The reasons could be manifold. First, the performance of companies has been below potential. This can be seen by topline growth remaining in the 4-5% range for most industries. While profits have grown due to cost rationalisation, buoyancy in growth in sales has been limited to specific industries. This can be one major factor responsible for limited traction in the indices. Ultimately, profits need to increase on a continuous basis to justify higher stock prices. Presently, there is a distinct dichotomy in corporate performance where, on the manufacturing side, infra-based sectors are doing well, which is not the case with the consumer-based ones. This also means that their performance in the coming quarters would be tracked closely by the market after all the measures that have been taken by the government. 

Second, related to the first reason is the debate on whether most stocks are already overvalued, which has not been commensurate with growth in earnings. With the P-E ratios being above 30, the growth in profits must be higher to support such valuations. This has been the view taken by quite a number of foreign investors, who believe that with high valuations at this point in time, scope for an upside is limited. 

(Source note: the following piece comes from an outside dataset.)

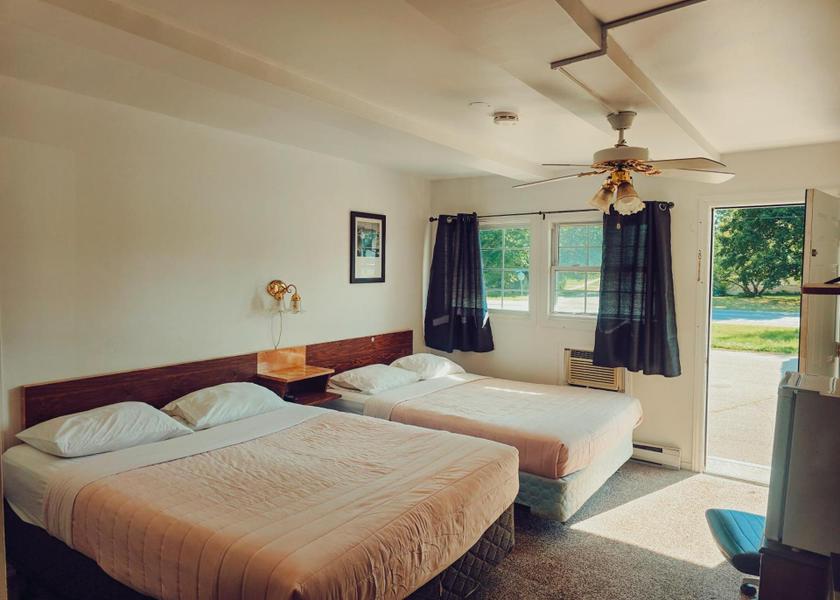 New Brunswick Fredericton Double Room with Two Double Beds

Third, India has been the focus of the rather hostile tariff policy of the USA, with one of the highest rates of 50% being imposed. This is a dampener for sure for the markets, as there is uncertainty on what lies ahead. While there were negotiations in progress, the visa fee issue has also affected Indian companies which derive benefits from sending professionals overseas to the USA. What started off with 26% increased to 50% in August, which has now been topped by the new visa fee regulation, which would tend to affect the Indian IT sector in particular. While there is hope that this will change with a deal being struck, it is status quo at the moment. 

Fourth, the FPIs have been in a withdrawal mood. Now there has been an increase in the purchase of equities by mutual funds, especially through the SIP route. But the act of FPI withdrawal has sent negative signals to the market, which has caused the downward movement. This is, hence, more of a sentiment factor which drives the market. This may be hard to guess in the future, as these flows have tended to be whimsical. 

On the other side, the big bang GST programme should have ignited the stock market, as there is big-time spending expected with the rationalisation of rates. However, the effect was limited to specific stocks for a couple of sessions, after which it was back to normal. Therefore, this has not been a game changer for the market. 

The hope today is that with the festival season having begun, there will be better times for the market. Diwali can be the watershed point from whence there can be an improvement. The upcoming results of companies, which should come in towards the end of October till mid-November, should throw light on their performance. This can be a trigger. Alternatively, any deal struck with the USA, which reverses the negative sentiment brought in by the tariff policy, will also help to reverse the fall in the indices. 

The RBI has upgraded its forecast for the GDP growth to 6.8%, which should provide some more confidence in the market that conditions are improving gradually. The consumer goods industries should register robust sales, which will add to turnover and, hence, improve financial prospects. This, in turn, should also lead to higher investment. Therefore, the conditions are set for a better H2, which can lift the market spirit and keep the direction of movement upwards. 

The author is Chief Economist, Bank of Baroda and author of ‘Corporate Quirks: The Darker Side of the Sun’. Views are personal.